Regridding operations

Introduction

HARP makes a distinction between ‘regridding’ and ‘rebinning’. With regridding you use interpolation to find values at new grid points by using a weighted average based on distance between the values at neighbouring grid points. With rebinning you consider intervals and assign each interval a value based on the (weighted) average of all values that intersect with that interval.

Note that regridding and rebinning is closely linked to the HARP convention regarding axis variables.

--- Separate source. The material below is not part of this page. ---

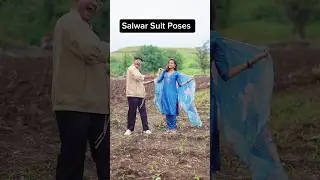 Salwar Suit Poses 😍 #poses #salwarsuit #salwar #photography #pose #ytshorts #shortvideo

There are also special operations called ‘binning’ and ‘spatial binning’. With ‘binning’ all values in the time dimension are averaged together based on a time-dependent reference variable that defines the bin values. With ‘spatial binning’ a product that does not depend on the ‘latitude’ and ‘longitude’ dimensions is gridded to a specified lat/lon grid.

Regridding

For regridding we define the source grid as \(x_{s}(i)\) with \(i=1..N\) and the target grid as \(x_{t}(j)\) with \(j=1..M\). For each target grid point \(x_{t}(j)\) the nearest points below and above that point in the source grid are located (\(x_{s}(i)\) and \(x_{s}(i+1)\)) and then an interpolation is performed to convert the values.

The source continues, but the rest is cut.